Seumur hidupnya, Rabella tidak pernah mendengar Silvi memohon. Bahkan pada Brian sekalipun. Rabella akhirnya menerima penyerahan wewenang tersebut atas persetujuan para dewan organisasi Ranita.


***


"Nona. Kau akan pergi ke Cambridge? Bawalah aku bersamamu." ucap Rabella memohon.


"Aku ke sana untuk berkuliah. Kau tidak perlu melindungiku. Aku akan baik-baik saja. Tugasmu di sini lebih banyak."


"Tapi nona..."


Tatapan Silvi menghentikan permohonan Rabella. Apa yang bisa Rabella lakukan jika Silvi telah memutuskan. Silvi bukan orang yang bisa ia bantah.

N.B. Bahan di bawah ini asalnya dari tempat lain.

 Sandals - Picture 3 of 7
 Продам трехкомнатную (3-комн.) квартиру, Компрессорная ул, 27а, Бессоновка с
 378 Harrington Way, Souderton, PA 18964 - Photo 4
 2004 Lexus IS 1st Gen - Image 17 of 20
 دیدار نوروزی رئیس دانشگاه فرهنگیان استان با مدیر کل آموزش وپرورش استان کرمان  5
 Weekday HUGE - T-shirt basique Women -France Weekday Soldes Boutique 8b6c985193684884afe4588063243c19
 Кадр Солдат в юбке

Rabella akhirnya hanya bisa menatap pesawat yang membawa nonanya pergi. Nona yang dilayaninya hampir 8 tahun. Nona angkuh yang kini tetap hidup setelah kehilangan semangat hidupnya. Hidup tanpa senyuman.


***


Silvi memasuki asrama Harvard Yard yang terletak tak jauh dari kampusnya atau bisa dikatakan Silvi tinggal di dalam kampus. Semua mahasiswa di tahun pertama seperti Silvi tinggal di tempat ini.


"Hai?" sapa seorang gadis pada Silvi. Gadis itu menempati kamar yang sama dengan Silvi.

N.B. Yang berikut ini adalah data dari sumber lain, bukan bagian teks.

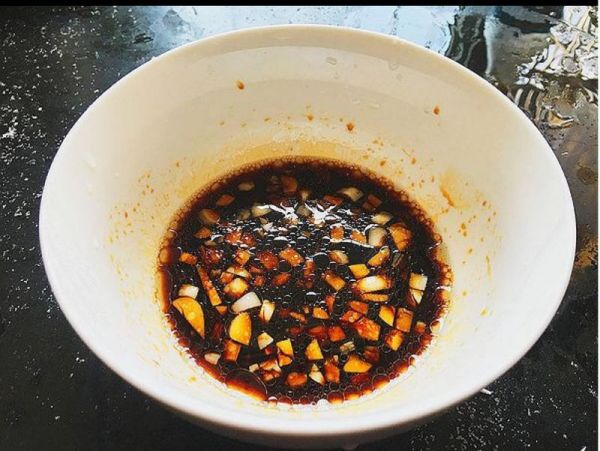 金枪鱼皮蛋豆腐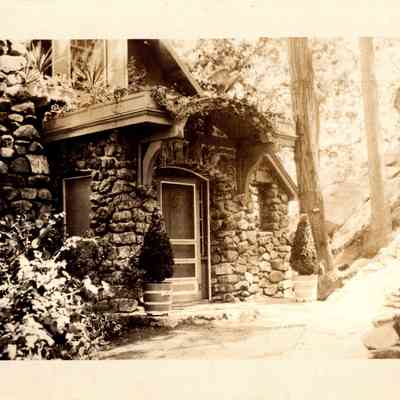 Bungalow Main Entrance Pre Tudor Reconstruction (1911-1920)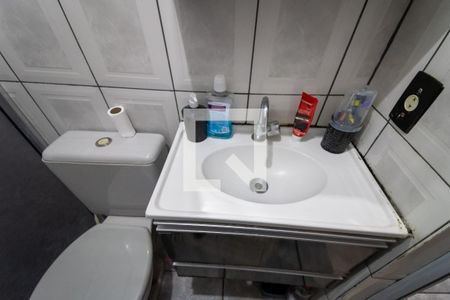 Casa à venda com 56m², 4 quartos e 1 vaga Casa à venda com 56m², 4 quartos e 1 vagaBanheiro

"Kau baru tiba?" Gadis itu kembali berbicara.


"Ya."


"Kau sudah makan siang? Ibuku memasak banyak. Dia menyuruhku membawa semua hasil masakannya. Kau mau?"


"Tidak. Aku sudah makan."


"Oh. Oke. Mungkin lain kali kau bisa mencoba masakan ibuku. Rasanya sangat enak."


Silvi tidak menanggapi gadis itu. Silvi meletakkan barang-barangnya, menatanya dan berdoa beberapa detik ketika meletakkan foto ayah dan ibunya pada meja belajarnya.

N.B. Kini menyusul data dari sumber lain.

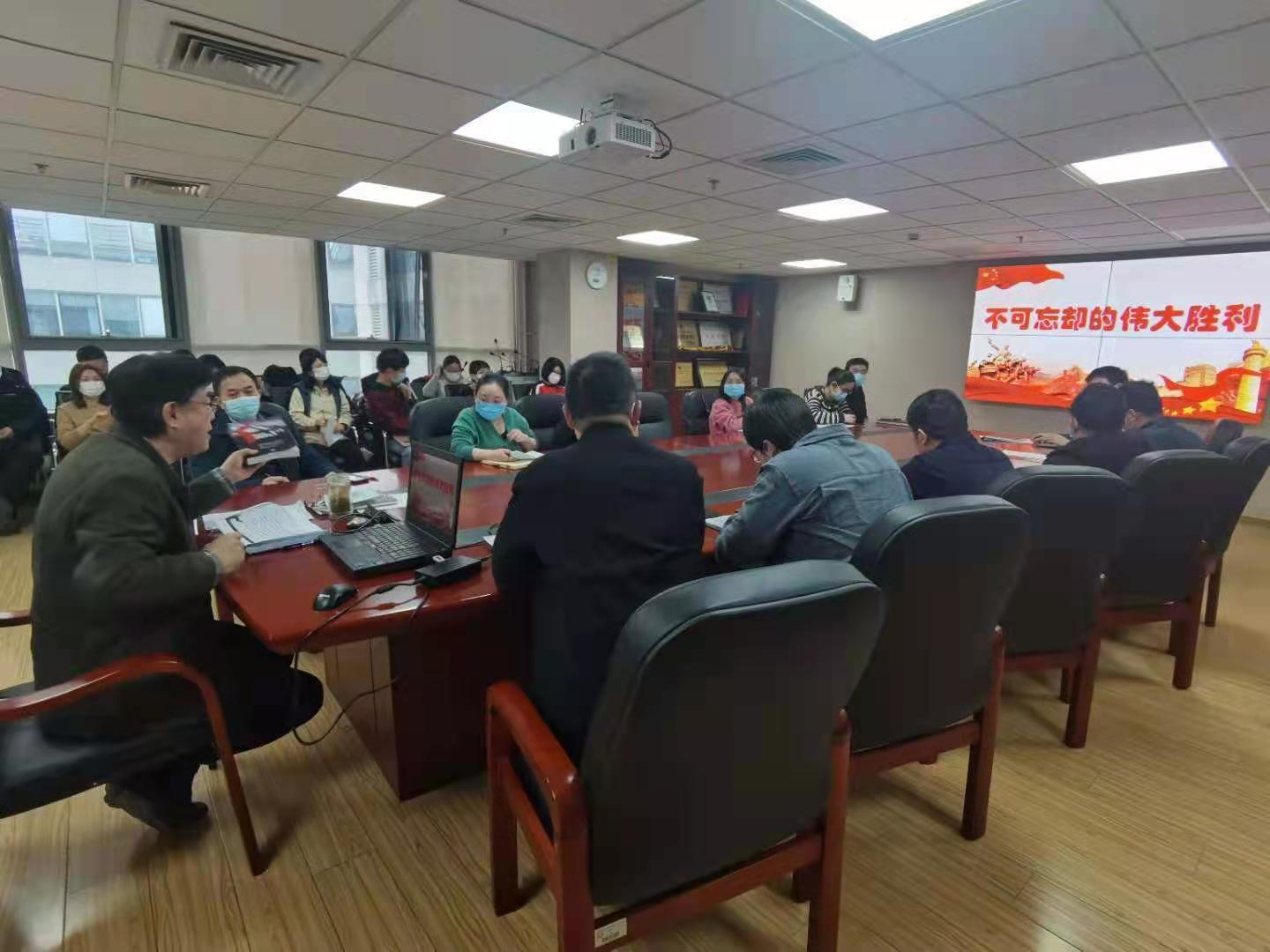 图为党课现场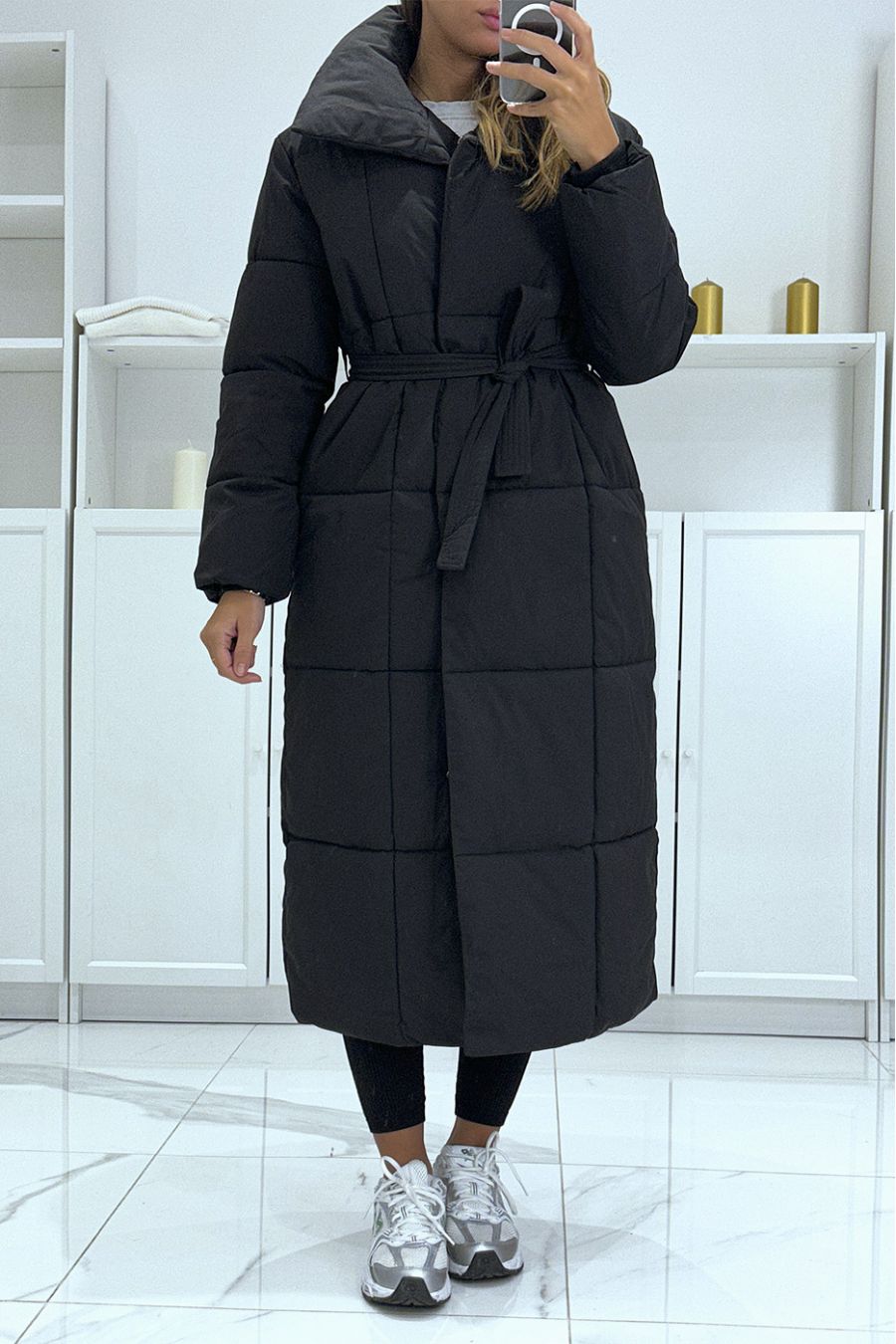 Long domed black down jacket with large collar   - 2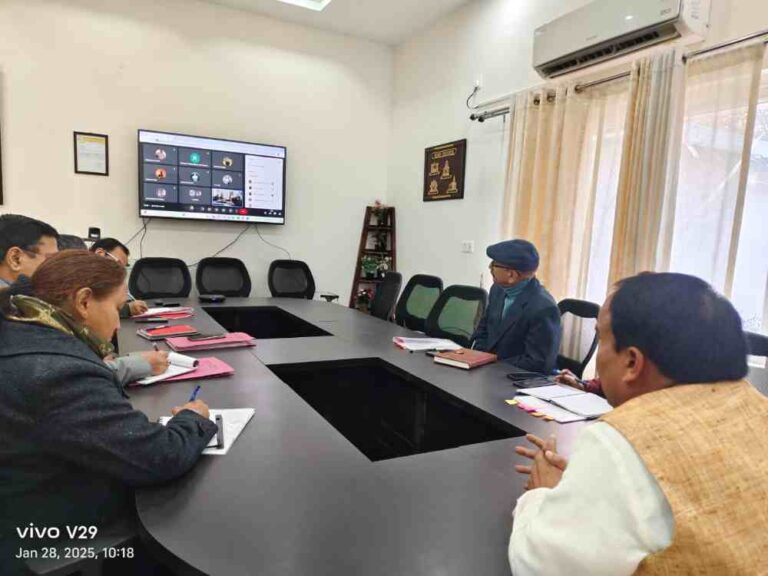 शिक्षा मंत्री ने लम्बे समय से गायब चल रहे शिक्षकों के खिलाफ बर्खास्तगी की कार्यवाही के निर्देश दिए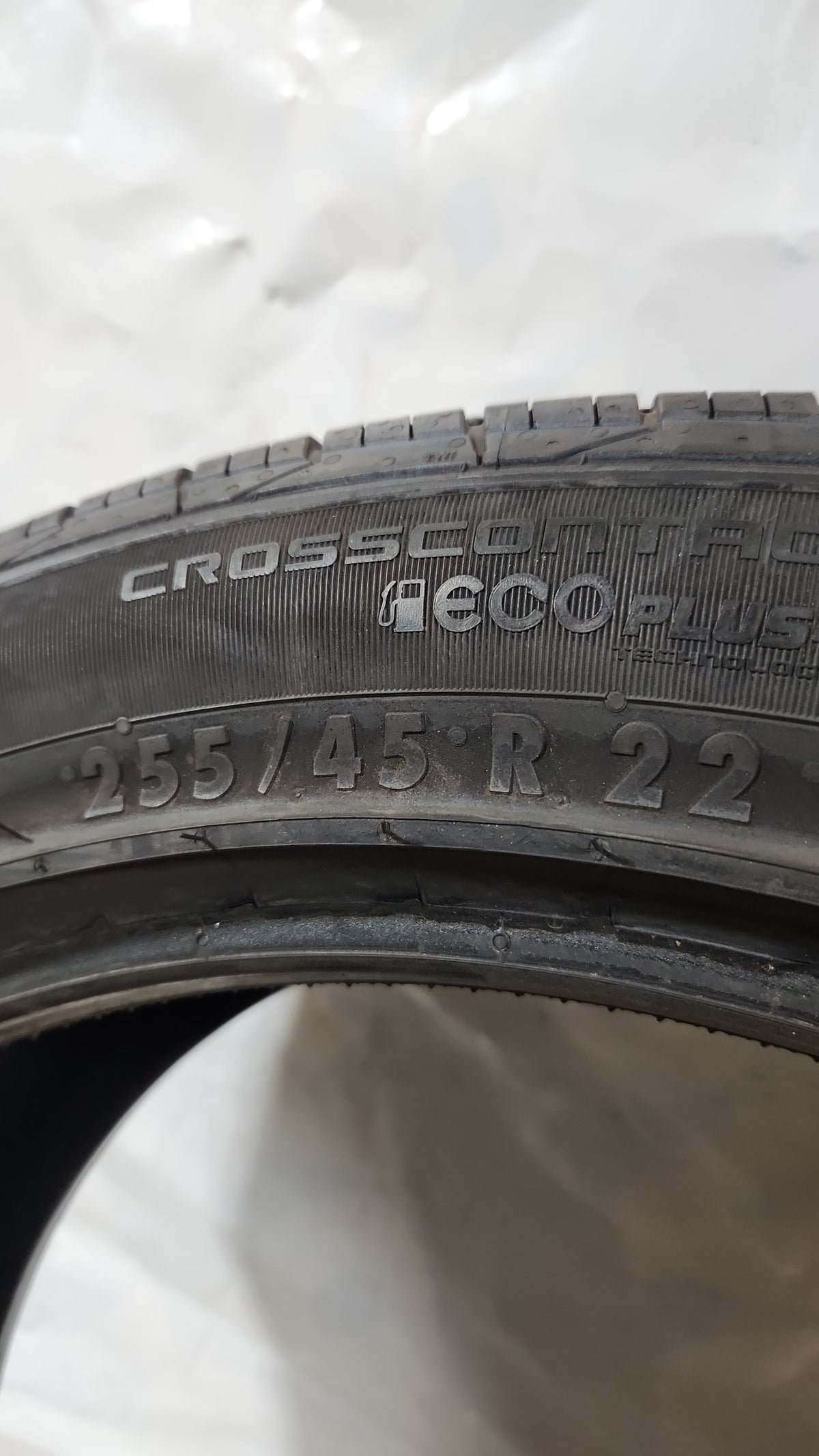 Used Tire - 255/45R22 Continental CrossContact LX20 Eco Plus 7/32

"Tadi itu... Apa kau sedang berdoa?"


"Ya."


"Orang tua memang seperti Tuhan."


Gadis itu mulai bercerita. Ia menceritakan banyak hal tentang ibunya yang bekerja sebagai pedagang buah. Dengan hasil dagangan yang tak seberapa dan kerja paruhnya, hingga ia bisa membayar kebutuhan hidup. Bisa berkuliah karena beasiswa bukan berarti kebutuhan hidupmu juga ditanggung oleh kampus.


"Aku hanya memiliki seorang ibu dan itu sudah lebih dari cukup." Gadis itu menutup ceritanya.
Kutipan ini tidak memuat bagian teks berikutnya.